(Web page caption snippets)

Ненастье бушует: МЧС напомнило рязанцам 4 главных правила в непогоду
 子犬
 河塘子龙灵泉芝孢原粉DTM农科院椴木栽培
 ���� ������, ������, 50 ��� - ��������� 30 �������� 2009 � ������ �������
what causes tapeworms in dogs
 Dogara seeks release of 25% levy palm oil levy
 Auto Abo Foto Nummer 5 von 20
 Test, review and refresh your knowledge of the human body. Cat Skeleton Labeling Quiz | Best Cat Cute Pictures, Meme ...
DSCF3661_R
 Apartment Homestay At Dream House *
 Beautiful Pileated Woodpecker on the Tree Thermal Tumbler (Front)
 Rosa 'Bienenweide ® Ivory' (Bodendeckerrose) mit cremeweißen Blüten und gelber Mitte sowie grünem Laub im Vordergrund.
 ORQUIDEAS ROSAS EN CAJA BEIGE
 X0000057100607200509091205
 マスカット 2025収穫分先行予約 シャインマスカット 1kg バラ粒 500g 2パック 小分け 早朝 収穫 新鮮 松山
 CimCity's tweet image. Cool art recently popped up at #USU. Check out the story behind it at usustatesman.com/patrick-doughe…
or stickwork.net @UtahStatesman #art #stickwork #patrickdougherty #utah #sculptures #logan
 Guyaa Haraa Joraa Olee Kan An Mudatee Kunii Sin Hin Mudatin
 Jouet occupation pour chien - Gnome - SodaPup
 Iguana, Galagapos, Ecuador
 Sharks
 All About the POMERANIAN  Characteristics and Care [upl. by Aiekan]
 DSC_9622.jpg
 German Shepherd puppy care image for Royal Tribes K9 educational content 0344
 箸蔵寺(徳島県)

- What the exercise asks -
Repeat only the lines running from the line that contains "Jouet occupation pour" through the last line above, inclusive.

- Response to this task -
 Jouet occupation pour chien - Gnome - SodaPup
 Iguana, Galagapos, Ecuador
 Sharks
 All About the POMERANIAN  Characteristics and Care [upl. by Aiekan]
 DSC_9622.jpg
 German Shepherd puppy care image for Royal Tribes K9 educational content 0344
 箸蔵寺(徳島県)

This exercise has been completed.